Municipal bonds and related ETFs aren’t the most adventurous fixed income assets. That's usually why income investors, including retirees, embrace the asset class. With interest rates declining, enthusiasm for muni bond ETFs could be reborn.

That’s one indication that now could be an appropriate time examine ETFs, including the ALPS Intermediate Municipal Bond ETF (MNBD). However, the tax advantages offered by municipal bonds are present regardless of interest rate fluctuations. That can add to MNBD's allure for investors in higher tax brackets.

Yes, municipal debt, including the bonds residing in MNBD, typically sport lower interest payments than taxable bonds. That’s because muni coupons are often exempt from state and local taxes. Income investors in high-tax states find this corner of the bond market attractive. However, that’s not the end of municipal bonds' benefits.

MNBD Has More Positive Attributes

Investors can easily purchase individual municipal bonds'. However, that can be burdensome. This is one of the largest segments of the bond market with a dizzying array of choices. That underscores the utility of ETFs such as MNBD.
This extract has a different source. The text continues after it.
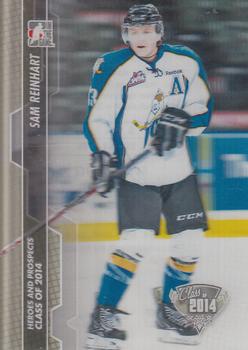 2013-14 In The Game Heroes and Prospects #170 Sam Reinhart Front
“Based on research from Nasdaq, there are more than 80,000 municipal issuers, and more than 1.5 million municipal bonds have been issued. It can be difficult for individual investors to navigate this market given its size, complexity, and lack of liquidity. Trading costs can be prohibitive, as well. Bid-ask spreads reportedly range between 1% and 4%, and one financial writer found the average spread for holdings he was trying to sell was about 2.85%,” noted Morningstar.

Specific to this muni bond ETF, the MNBD is actively managed. Active managers can spread bets across a variety of municipal subgroups. They also have the flexibility to react more rapidly to changes in credit quality and interest rates.